Aduhelm (aducanumab) was approved by the U.S. Food and Drug Administration (FDA) in June under accelerated approval. The greenlight was highly controversial due to an overwhelming rejection of the medication by the FDA's advisory committee members. Several members of the advisory committee resigned following the regulatory agency's decision to approve the drug.
As BioSpace has reported, Aduhelm's development has been rocky. Biogen and its partner Eisai were prepared to abandon the development of the drug following a clinical trial futility analysis that suggested the drug would not hit its endpoints.

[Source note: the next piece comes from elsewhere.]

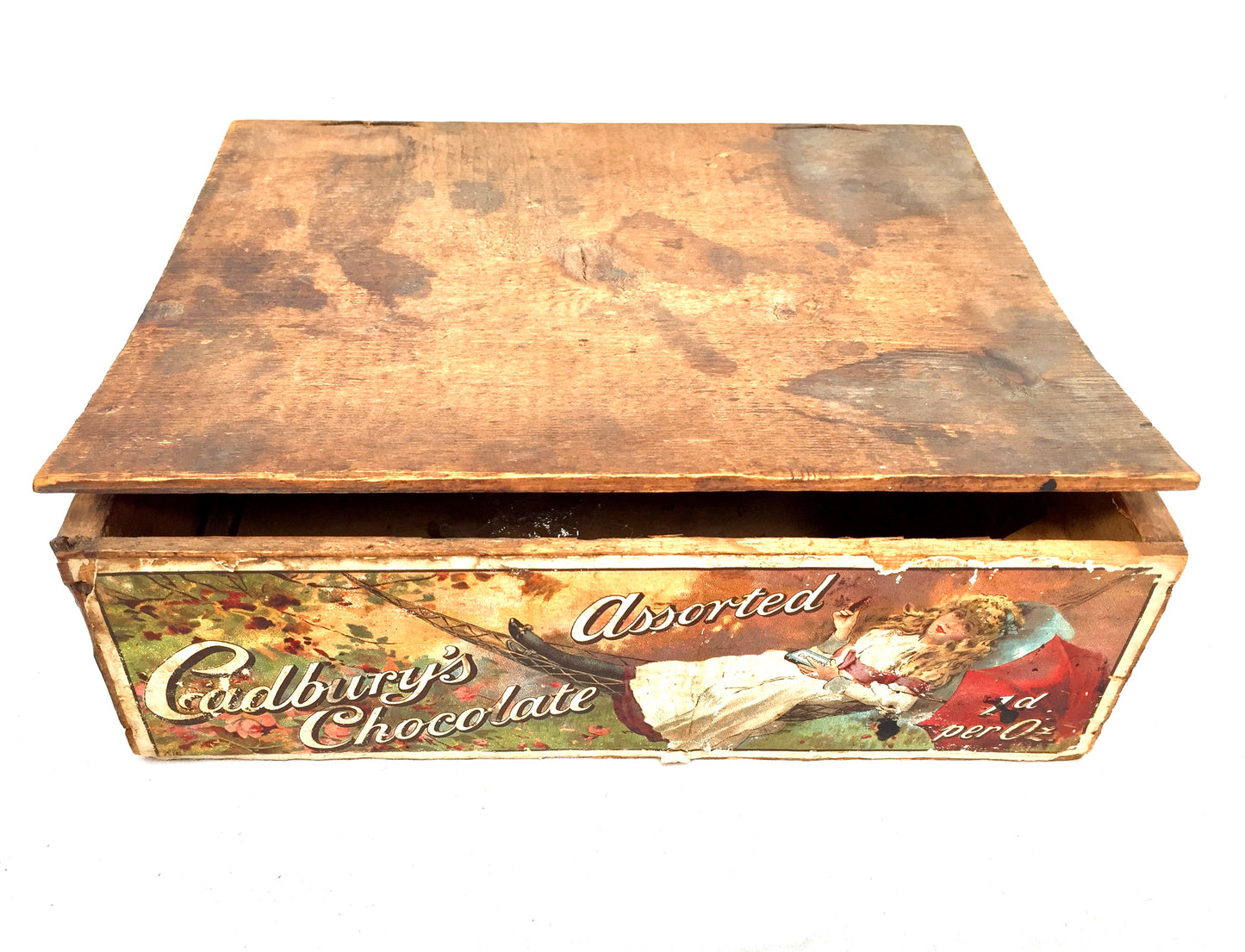 Antique Advertising - Cadbury's Chocolate Confectionery Wooden Shop Display Box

However, the companies then reversed the abandonment following another investigation that suggested the trial data achieved its endpoints.
Sales have been disappointing for the company due to concerns over Aduhelm's safety.
Throughout the drug's clinical development, researchers observed cases of amyloid-related imaging abnormalities (ARIA-E), or cerebral edema. Last month a woman who was taking Aduhelm died of a cerebral edema. It has yet to be shown whether her death was related to the medication, but that has given pause to prescribers who may wish to offer the medication to patients.
While Aduhelm was approved in the United States last month, the European Medicine Agency's Committee for Medicinal Products for Human Use (CHMP) gave the Alzheimer's drug a thumbs down.
Despite the shaky start, Biogen has stood behind the medication and continues to generate data that supports the safety and efficacy of the drug. At the recent Clinical Trials on Alzheimer's Disease conference, Biogen presented data from two Phase III trials that showed treatment with Aduhelm reduced amyloid plaque and significantly lowered plasma p-tau181, a biomarker of tau tangles in Alzheimer's disease.
Another longtime Biogen employee who could be leaving the company is Alphonse Galdes, who oversees global manufacturing. STAT noted that Galdes has been seen as a "stabilizing force" in the company's management for nearly 30 years. It is unclear whether or not Galdes is being forced out, as the report suggests Sandrock was, or if his departure has been planned for some time.